→ **Work required**
Beginning with the line that contains "Menteri Sosial RI", retype the entries below exactly, ending with the line that contains "Perula & Отель 3*". Leave out any pictures.

→ **Records supplied**
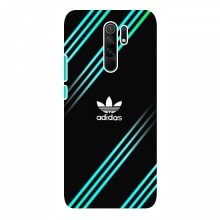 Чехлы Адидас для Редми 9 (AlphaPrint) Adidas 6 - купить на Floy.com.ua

--

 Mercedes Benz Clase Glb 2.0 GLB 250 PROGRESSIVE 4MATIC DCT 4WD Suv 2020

* * *

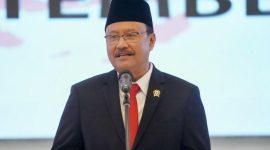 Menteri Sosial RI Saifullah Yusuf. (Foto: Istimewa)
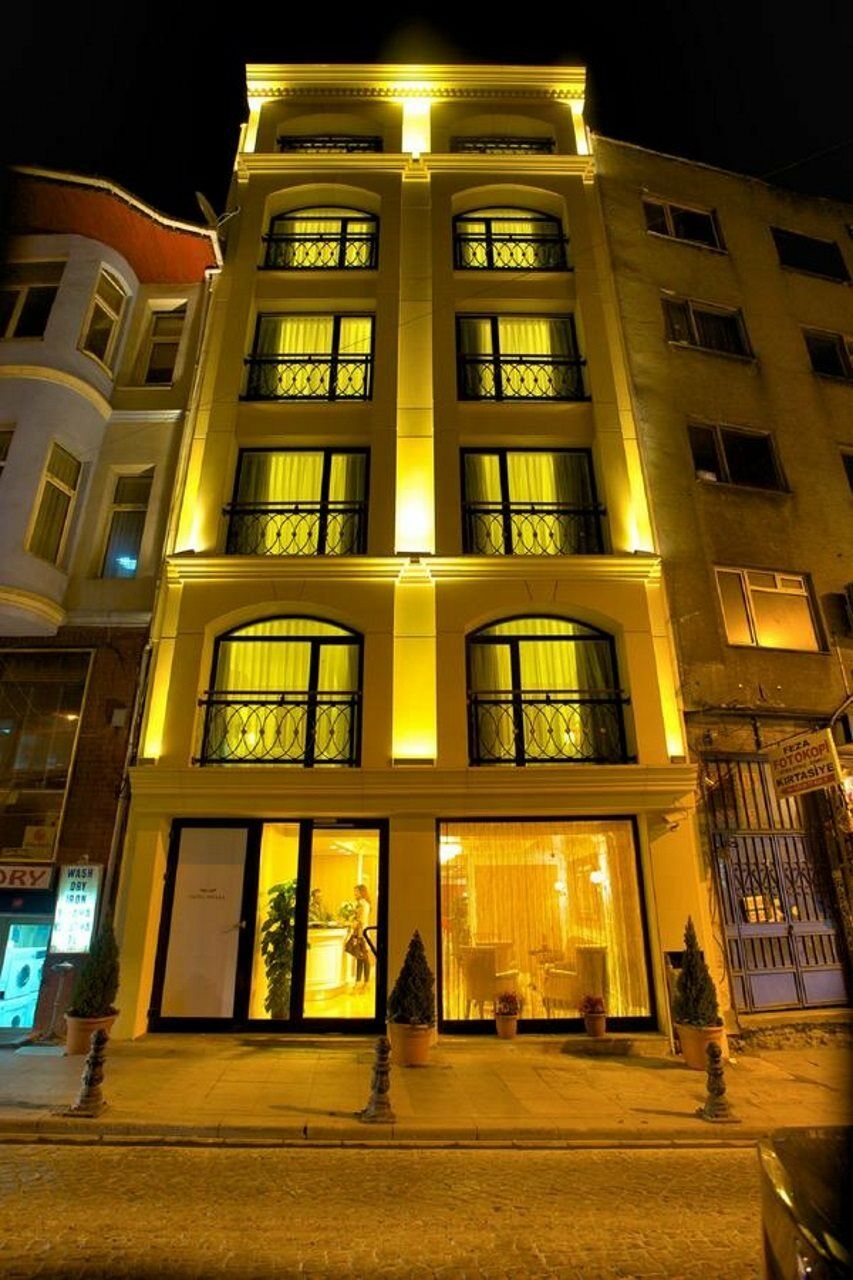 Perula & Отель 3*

→ **Response to the exercise**
 Menteri Sosial RI Saifullah Yusuf. (Foto: Istimewa)
 Perula & Отель 3*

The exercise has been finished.